_PROBLEM DETAILS_
Looking at the listing below, retype exactly the lines starting at the one containing "Grieta en el" and ending at the one containing "Slim trousers in stretch gabardine", both included, and nothing else.

_EXTRACTED MATERIAL_
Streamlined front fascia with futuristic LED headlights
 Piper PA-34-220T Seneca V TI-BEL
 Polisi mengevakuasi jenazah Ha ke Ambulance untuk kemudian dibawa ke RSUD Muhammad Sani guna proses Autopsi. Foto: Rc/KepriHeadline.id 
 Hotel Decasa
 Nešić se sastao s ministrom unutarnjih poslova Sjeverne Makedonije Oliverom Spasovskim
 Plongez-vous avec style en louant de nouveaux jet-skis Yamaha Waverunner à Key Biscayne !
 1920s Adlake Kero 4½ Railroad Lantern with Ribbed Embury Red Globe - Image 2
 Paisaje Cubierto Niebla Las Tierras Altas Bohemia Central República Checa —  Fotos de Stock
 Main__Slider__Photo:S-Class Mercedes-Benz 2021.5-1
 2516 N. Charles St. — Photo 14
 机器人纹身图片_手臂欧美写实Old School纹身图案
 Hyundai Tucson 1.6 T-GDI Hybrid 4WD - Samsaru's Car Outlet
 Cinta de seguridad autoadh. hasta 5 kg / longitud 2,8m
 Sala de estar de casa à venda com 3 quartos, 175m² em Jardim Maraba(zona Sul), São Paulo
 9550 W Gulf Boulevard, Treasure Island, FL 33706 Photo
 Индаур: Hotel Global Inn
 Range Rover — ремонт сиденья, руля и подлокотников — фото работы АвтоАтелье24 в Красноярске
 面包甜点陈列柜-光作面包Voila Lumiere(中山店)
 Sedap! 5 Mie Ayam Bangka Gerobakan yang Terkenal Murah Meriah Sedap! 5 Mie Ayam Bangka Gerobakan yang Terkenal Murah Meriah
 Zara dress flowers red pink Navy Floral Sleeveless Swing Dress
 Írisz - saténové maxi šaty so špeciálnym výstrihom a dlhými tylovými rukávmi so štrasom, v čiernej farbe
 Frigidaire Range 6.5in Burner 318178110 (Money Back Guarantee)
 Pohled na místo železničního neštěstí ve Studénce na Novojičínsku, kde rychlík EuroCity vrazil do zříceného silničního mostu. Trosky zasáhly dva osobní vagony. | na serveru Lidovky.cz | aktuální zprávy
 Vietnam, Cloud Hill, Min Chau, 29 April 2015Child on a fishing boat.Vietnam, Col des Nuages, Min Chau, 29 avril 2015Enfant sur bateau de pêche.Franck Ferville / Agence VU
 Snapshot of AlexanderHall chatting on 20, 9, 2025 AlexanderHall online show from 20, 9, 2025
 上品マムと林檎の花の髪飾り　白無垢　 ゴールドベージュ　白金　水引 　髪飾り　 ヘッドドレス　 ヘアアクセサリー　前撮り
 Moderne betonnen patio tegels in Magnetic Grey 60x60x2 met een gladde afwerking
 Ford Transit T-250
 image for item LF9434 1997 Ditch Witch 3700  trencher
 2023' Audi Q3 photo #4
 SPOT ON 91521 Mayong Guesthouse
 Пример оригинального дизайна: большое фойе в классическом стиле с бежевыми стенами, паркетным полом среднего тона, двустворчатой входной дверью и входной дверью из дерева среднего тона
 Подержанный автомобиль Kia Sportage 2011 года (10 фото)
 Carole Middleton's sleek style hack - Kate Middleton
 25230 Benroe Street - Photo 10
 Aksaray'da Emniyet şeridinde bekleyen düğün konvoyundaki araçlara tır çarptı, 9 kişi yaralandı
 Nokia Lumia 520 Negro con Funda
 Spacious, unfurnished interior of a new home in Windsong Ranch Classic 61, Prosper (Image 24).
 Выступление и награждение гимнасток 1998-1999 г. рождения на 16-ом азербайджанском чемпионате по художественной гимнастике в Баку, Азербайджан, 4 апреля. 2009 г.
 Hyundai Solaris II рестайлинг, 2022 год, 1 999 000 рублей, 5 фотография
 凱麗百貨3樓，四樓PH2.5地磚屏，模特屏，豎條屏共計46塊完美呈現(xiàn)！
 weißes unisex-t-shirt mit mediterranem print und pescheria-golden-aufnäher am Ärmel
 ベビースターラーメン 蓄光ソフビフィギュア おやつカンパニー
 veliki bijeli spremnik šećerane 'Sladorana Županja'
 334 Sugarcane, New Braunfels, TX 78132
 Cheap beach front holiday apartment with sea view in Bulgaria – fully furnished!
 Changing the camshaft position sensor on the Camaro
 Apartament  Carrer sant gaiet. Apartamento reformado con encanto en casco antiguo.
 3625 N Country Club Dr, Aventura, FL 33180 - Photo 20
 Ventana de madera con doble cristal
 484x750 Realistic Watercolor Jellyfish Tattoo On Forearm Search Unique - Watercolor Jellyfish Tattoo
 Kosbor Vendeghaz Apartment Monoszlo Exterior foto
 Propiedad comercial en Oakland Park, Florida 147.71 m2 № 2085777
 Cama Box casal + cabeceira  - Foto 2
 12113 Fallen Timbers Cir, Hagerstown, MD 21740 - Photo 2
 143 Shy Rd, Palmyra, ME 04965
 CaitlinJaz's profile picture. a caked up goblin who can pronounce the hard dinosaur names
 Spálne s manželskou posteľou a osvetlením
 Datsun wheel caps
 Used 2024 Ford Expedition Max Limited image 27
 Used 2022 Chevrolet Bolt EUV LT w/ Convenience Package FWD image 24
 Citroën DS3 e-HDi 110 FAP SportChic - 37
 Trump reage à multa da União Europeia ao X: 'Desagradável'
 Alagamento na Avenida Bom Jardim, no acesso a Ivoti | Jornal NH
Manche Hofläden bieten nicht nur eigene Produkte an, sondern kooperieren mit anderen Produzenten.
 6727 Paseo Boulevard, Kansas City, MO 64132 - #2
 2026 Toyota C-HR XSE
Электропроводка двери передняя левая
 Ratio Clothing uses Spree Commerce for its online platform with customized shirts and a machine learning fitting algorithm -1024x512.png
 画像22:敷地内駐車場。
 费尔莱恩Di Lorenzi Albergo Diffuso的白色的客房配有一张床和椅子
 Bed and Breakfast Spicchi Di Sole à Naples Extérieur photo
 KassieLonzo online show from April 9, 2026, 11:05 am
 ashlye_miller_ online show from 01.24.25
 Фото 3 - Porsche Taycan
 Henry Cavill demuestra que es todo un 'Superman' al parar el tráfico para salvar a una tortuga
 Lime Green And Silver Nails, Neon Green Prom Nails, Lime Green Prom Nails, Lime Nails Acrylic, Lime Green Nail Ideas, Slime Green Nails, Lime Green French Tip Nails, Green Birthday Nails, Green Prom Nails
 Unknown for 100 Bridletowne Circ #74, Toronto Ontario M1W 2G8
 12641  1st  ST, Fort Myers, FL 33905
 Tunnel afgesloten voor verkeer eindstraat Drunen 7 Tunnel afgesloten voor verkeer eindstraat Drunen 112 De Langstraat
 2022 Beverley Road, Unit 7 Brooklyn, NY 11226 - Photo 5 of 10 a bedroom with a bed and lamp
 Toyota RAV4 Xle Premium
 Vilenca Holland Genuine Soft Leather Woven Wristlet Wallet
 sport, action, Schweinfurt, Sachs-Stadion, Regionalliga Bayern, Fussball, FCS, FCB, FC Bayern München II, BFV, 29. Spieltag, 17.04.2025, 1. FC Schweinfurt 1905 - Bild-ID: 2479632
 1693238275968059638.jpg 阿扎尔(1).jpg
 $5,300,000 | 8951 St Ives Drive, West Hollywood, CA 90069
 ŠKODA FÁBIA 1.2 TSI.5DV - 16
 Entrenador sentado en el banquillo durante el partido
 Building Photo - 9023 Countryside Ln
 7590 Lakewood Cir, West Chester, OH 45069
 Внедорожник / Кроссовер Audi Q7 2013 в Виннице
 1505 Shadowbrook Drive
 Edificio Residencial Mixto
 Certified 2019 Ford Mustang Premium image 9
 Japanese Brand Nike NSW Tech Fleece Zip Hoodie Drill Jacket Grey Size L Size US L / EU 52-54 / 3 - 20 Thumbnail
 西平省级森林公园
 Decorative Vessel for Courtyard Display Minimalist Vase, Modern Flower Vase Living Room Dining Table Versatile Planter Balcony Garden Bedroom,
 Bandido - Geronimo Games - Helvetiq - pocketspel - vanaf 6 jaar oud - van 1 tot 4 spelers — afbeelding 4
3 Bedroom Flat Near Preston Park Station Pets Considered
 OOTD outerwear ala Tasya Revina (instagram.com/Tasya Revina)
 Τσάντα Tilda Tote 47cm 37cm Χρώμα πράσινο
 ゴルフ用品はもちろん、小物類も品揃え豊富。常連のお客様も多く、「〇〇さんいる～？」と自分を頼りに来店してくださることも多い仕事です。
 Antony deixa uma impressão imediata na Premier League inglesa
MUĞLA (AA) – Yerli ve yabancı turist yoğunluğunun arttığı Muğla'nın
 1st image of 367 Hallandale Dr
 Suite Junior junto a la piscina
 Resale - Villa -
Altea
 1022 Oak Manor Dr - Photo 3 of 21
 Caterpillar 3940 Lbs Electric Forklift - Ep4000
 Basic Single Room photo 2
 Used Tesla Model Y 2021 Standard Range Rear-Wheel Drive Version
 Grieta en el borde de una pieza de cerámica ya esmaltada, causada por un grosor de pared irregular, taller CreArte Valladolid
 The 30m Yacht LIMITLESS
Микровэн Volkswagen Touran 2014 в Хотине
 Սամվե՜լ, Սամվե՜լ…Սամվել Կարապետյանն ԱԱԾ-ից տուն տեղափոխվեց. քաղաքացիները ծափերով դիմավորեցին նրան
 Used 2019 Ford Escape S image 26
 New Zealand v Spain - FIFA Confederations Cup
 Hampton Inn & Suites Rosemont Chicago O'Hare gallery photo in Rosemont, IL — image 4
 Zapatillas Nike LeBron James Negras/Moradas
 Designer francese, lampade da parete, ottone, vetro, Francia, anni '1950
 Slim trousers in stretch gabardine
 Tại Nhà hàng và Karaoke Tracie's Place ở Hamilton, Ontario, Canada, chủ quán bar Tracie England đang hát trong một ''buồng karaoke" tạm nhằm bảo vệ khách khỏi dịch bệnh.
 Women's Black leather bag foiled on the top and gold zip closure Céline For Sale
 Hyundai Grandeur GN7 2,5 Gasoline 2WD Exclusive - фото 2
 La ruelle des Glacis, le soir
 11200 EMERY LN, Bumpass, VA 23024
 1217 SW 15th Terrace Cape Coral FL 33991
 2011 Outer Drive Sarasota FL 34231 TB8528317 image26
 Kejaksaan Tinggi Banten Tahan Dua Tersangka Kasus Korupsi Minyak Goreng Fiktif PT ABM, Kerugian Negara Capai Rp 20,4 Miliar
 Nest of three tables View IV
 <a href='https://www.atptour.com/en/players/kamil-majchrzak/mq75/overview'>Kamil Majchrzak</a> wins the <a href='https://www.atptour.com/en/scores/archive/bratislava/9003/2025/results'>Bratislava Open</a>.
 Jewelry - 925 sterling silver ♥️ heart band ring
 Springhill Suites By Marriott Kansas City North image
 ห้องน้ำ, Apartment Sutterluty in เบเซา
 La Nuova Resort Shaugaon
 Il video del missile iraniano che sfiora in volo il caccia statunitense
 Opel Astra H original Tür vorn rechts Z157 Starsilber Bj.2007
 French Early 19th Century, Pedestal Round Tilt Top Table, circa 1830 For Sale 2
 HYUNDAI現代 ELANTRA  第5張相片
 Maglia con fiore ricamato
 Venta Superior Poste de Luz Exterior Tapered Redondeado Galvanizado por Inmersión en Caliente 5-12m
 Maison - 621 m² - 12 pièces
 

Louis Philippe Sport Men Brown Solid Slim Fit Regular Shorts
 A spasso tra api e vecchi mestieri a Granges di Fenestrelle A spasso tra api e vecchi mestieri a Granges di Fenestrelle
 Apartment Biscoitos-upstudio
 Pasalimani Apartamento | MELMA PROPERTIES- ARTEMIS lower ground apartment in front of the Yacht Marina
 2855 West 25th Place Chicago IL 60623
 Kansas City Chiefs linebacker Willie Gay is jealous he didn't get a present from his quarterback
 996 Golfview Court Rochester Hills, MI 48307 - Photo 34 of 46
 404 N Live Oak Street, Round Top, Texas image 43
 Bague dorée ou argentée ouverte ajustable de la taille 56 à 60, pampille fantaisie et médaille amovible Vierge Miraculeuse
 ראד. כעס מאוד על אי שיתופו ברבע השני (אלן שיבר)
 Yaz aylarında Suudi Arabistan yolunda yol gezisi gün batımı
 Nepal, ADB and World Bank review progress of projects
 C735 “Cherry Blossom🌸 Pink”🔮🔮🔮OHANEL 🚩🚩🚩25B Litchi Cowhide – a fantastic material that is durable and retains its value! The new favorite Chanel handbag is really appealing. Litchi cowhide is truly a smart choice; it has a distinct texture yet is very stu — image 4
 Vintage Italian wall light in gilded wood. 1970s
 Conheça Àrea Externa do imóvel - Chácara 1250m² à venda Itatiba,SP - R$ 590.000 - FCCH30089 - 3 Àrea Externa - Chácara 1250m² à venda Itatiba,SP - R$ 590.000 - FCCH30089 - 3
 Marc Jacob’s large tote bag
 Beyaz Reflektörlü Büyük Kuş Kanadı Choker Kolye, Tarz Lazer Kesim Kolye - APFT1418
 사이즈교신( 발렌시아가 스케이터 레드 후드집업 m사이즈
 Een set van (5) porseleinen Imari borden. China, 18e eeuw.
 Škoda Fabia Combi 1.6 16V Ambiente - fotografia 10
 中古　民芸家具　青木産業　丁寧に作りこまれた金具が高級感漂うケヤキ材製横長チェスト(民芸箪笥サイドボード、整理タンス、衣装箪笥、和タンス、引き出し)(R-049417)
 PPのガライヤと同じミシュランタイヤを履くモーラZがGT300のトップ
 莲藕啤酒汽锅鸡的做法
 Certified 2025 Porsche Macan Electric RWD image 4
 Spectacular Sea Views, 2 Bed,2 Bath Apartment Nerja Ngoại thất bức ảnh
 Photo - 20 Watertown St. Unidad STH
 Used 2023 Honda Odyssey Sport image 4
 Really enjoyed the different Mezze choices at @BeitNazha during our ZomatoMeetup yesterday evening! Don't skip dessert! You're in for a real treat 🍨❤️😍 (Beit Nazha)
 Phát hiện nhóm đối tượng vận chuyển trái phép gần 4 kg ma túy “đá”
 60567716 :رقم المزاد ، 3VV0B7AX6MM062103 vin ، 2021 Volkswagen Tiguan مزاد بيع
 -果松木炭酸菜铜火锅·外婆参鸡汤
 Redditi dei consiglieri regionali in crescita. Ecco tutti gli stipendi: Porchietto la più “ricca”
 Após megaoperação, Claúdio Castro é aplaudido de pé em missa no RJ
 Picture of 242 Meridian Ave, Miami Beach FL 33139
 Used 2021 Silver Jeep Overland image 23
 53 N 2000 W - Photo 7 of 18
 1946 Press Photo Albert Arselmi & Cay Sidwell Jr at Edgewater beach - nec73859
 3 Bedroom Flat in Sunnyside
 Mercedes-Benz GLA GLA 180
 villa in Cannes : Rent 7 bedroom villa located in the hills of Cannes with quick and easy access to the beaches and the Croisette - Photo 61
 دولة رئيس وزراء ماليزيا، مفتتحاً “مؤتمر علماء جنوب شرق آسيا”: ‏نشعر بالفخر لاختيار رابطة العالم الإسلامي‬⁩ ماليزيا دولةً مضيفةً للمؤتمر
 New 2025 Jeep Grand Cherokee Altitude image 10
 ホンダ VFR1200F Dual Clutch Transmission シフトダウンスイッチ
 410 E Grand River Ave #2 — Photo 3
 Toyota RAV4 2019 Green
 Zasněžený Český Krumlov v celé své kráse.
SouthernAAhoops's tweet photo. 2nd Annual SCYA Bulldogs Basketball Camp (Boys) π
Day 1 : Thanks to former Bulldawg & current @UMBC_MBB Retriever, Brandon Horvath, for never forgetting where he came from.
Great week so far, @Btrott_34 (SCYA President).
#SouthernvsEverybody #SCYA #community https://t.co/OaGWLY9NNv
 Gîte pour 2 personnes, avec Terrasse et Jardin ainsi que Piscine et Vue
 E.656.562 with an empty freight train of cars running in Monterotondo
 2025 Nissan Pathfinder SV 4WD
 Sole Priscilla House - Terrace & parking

_RESPONSE BELOW_
 Grieta en el borde de una pieza de cerámica ya esmaltada, causada por un grosor de pared irregular, taller CreArte Valladolid
 The 30m Yacht LIMITLESS
Микровэн Volkswagen Touran 2014 в Хотине
 Սամվե՜լ, Սամվե՜լ…Սամվել Կարապետյանն ԱԱԾ-ից տուն տեղափոխվեց. քաղաքացիները ծափերով դիմավորեցին նրան
 Used 2019 Ford Escape S image 26
 New Zealand v Spain - FIFA Confederations Cup
 Hampton Inn & Suites Rosemont Chicago O'Hare gallery photo in Rosemont, IL — image 4
 Zapatillas Nike LeBron James Negras/Moradas
 Designer francese, lampade da parete, ottone, vetro, Francia, anni '1950
 Slim trousers in stretch gabardine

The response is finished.